Uma vez o Fanha disse assim na casa do Alentejo num jantar de caridade onde ia declamar poesia: “este Poema é dedicado aos meus alunos que estão ali naquele canto – ponham-se lá de pé (ordenou ele)”. O poema era este:
Romance ingénuo de duas linhas paralelas
Duas linhas paralelas
Muito paralelamente
Iam passando entre estrelas
Fazendo o que estava escrito:
Caminhando eternamente de infinito a infinito
Seguiam-se passo a passo
Exactas e sempre a par
Pois só num ponto do espaço
Que ninguém sabe onde é
Se podiam encontrar
Falar e tomar café.
Mas farta de andar sozinha
Uma delas certo dia
Voltou-se para a outra linha
Sorriu-lhe e disse-lhe assim:
“Deixa lá a geometria
E anda aqui para o pé de mim…!”
Mas que falta de respeito!
Se quisermos lá chegar
Temos de ir devagarinho
Andando sempre a direito
Cada qual no seu caminho!”
Não se dando por achada
E sorrindo amalandrada
Pela calada, sem um grito
Deita a mãozinha matreira
Puxa para si o infinito.
E com ele ali à frente
As duas a murmurar
Olharam-se docemente
E sem fazerem perguntas
Puseram-se a namorar
Seguiram as duas juntas.
E uma moral convergente:
O infinito afinal
Fica aqui ao pé da gente.
(José Fanha, in Eu Sou Português Aqui)
No final das aulas o Fanha dizia sempre
“Por hoje é tudo. Abram as portas. Podem sair”

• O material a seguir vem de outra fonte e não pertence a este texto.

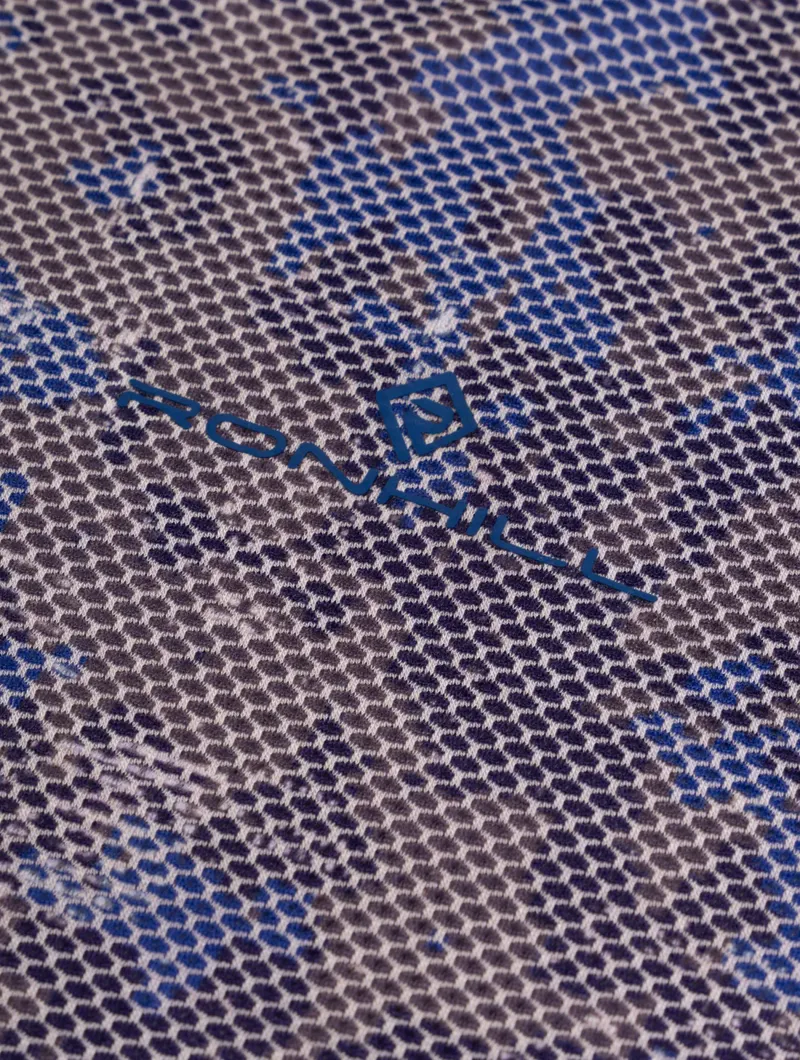 Ronhill M's Tech Golden Hour Tee Ocean Pixel-4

Eu acho que este poema também era para nós:
Nós nascemos para ter asas, meus amigos.
Não se esqueçam de escrever por dentro do peito: nós nascemos para ter asas.
No entanto, em épocas remotas, vieram com dedos pesados de ferrugem para gastar as nossas asas como se gastam tostões.
Cortaram-nos as asas para que fôssemos apenas operários obedientes, estudantes atenciosos, leitores ingénuos de notícias sensacionais, gente pouca, pouca e seca.
Apesar disso, sábios, estudiosos do arco-íris e de coisas transparentes, afirmam que as asas dos homens crescem mesmo depois de cortadas, e, novamente cortadas, de novo voltam a ser.
Aceitemos esta hipótese, apesar de não termos dela qualquer confirmação prática.
Por hoje é tudo. Abram as janelas. Podem sair.
José Fanha, 1985. Cartas de Marear.
Obrigado Fanha, eu escrevi dentro do peito que tenho asas e sei que elas voltam a nascer depois de arrancadas e sei também que o infinito é logo ali. vou lá todos os dias!